* **Exercise prompt**: The copy should hold exactly the lines below from the one that contains "Vintage wooden giant" through the one that contains "Vendo o cambio" and nothing else, so no pictures.

BEGIN Stored data

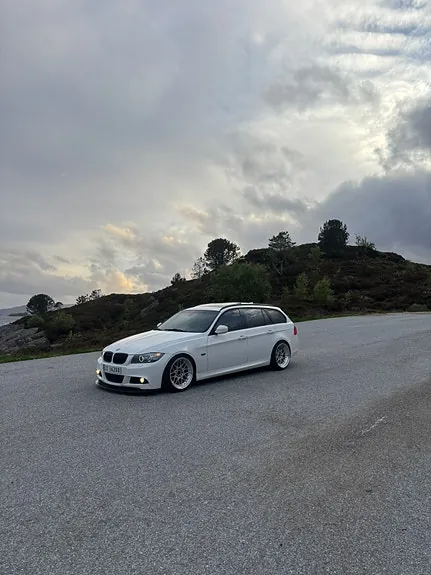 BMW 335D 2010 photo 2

END Stored data
BEGIN Stored data

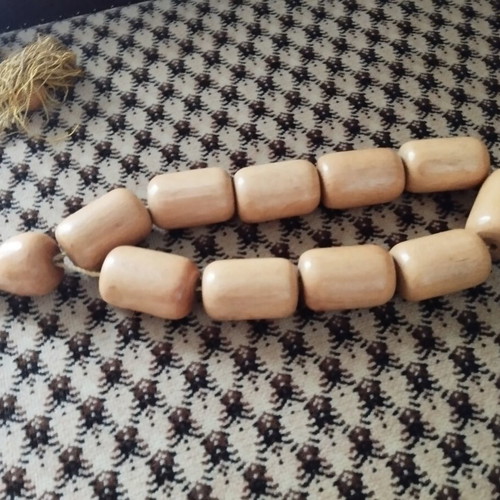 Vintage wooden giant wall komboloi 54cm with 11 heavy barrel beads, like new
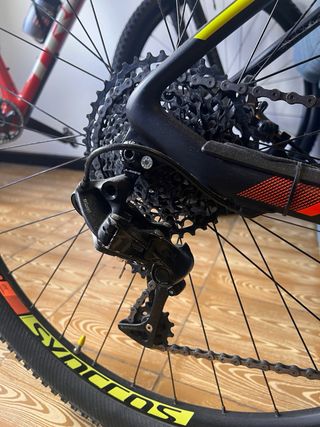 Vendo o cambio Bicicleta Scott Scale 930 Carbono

END Stored data
BEGIN Stored data

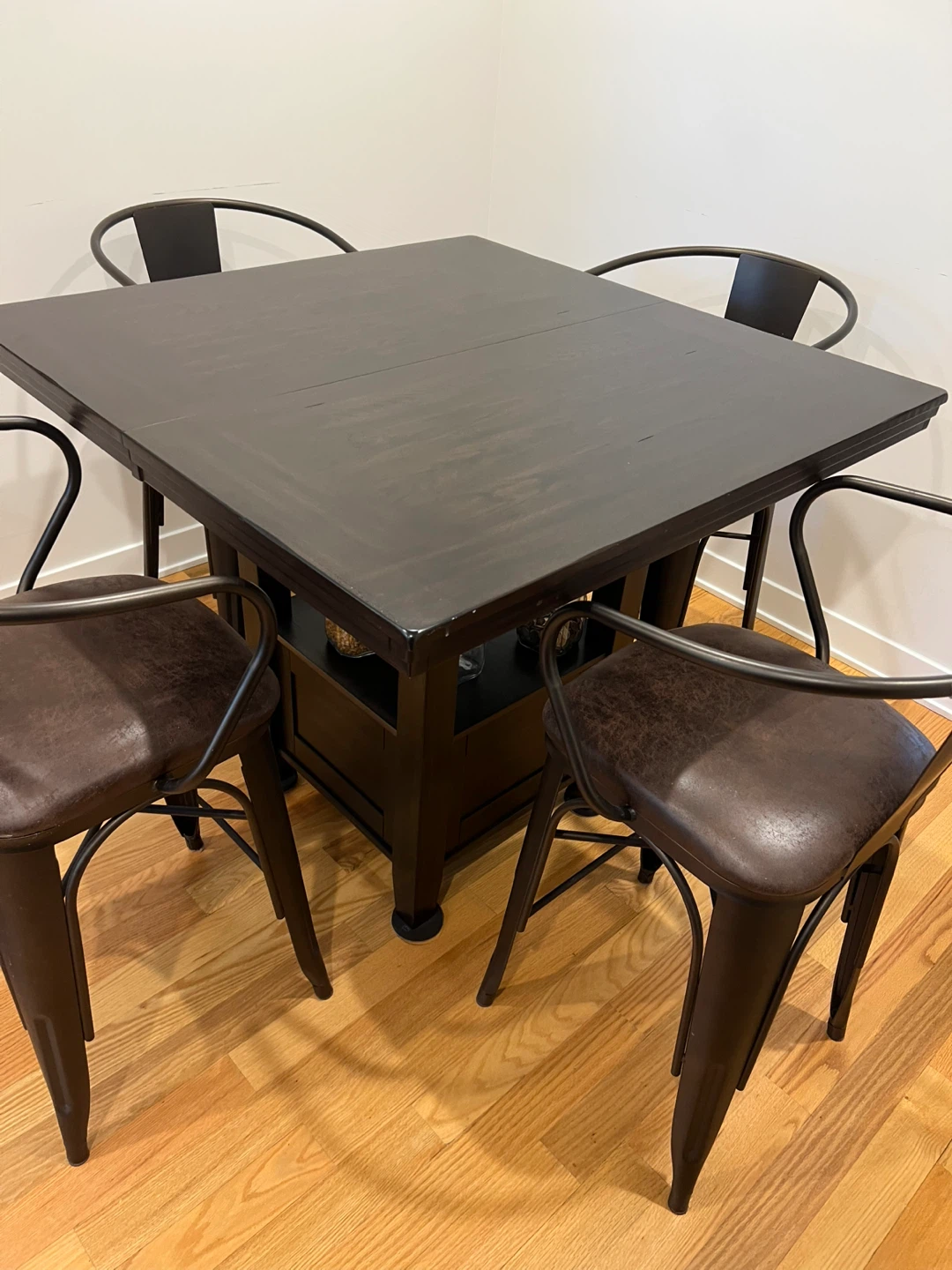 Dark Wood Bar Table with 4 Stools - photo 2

END Stored data

* **Worked solution**:
 Vintage wooden giant wall komboloi 54cm with 11 heavy barrel beads, like new
 Vendo o cambio Bicicleta Scott Scale 930 Carbono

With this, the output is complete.